╭─ Record excerpts
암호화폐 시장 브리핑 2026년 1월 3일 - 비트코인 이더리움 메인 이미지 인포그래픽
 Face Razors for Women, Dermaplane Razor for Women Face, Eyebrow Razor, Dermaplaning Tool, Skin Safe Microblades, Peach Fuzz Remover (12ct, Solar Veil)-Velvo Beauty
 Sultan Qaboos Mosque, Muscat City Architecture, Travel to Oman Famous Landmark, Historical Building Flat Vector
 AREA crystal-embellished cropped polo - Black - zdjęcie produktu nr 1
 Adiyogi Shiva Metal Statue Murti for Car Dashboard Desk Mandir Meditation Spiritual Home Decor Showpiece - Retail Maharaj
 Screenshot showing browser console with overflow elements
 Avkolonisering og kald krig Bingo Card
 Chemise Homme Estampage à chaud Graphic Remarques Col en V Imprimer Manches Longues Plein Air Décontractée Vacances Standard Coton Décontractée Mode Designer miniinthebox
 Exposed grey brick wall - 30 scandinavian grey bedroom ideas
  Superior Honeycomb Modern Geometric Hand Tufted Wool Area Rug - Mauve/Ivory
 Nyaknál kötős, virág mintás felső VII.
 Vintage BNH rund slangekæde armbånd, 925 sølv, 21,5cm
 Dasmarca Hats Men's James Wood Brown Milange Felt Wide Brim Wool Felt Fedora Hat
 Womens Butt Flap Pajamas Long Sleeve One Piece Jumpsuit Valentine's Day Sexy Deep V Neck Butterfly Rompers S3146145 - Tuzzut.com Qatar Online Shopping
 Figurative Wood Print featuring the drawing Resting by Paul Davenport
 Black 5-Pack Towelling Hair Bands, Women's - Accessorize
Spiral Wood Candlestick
╰─
=== Aim of the exercise ===
The entries shown above should be duplicated exactly.

=== Written response ===
암호화폐 시장 브리핑 2026년 1월 3일 - 비트코인 이더리움 메인 이미지 인포그래픽
 Face Razors for Women, Dermaplane Razor for Women Face, Eyebrow Razor, Dermaplaning Tool, Skin Safe Microblades, Peach Fuzz Remover (12ct, Solar Veil)-Velvo Beauty
 Sultan Qaboos Mosque, Muscat City Architecture, Travel to Oman Famous Landmark, Historical Building Flat Vector
 AREA crystal-embellished cropped polo - Black - zdjęcie produktu nr 1
 Adiyogi Shiva Metal Statue Murti for Car Dashboard Desk Mandir Meditation Spiritual Home Decor Showpiece - Retail Maharaj
 Screenshot showing browser console with overflow elements
 Avkolonisering og kald krig Bingo Card
 Chemise Homme Estampage à chaud Graphic Remarques Col en V Imprimer Manches Longues Plein Air Décontractée Vacances Standard Coton Décontractée Mode Designer miniinthebox
 Exposed grey brick wall - 30 scandinavian grey bedroom ideas
  Superior Honeycomb Modern Geometric Hand Tufted Wool Area Rug - Mauve/Ivory
 Nyaknál kötős, virág mintás felső VII.
 Vintage BNH rund slangekæde armbånd, 925 sølv, 21,5cm
 Dasmarca Hats Men's James Wood Brown Milange Felt Wide Brim Wool Felt Fedora Hat
 Womens Butt Flap Pajamas Long Sleeve One Piece Jumpsuit Valentine's Day Sexy Deep V Neck Butterfly Rompers S3146145 - Tuzzut.com Qatar Online Shopping
 Figurative Wood Print featuring the drawing Resting by Paul Davenport
 Black 5-Pack Towelling Hair Bands, Women's - Accessorize
Spiral Wood Candlestick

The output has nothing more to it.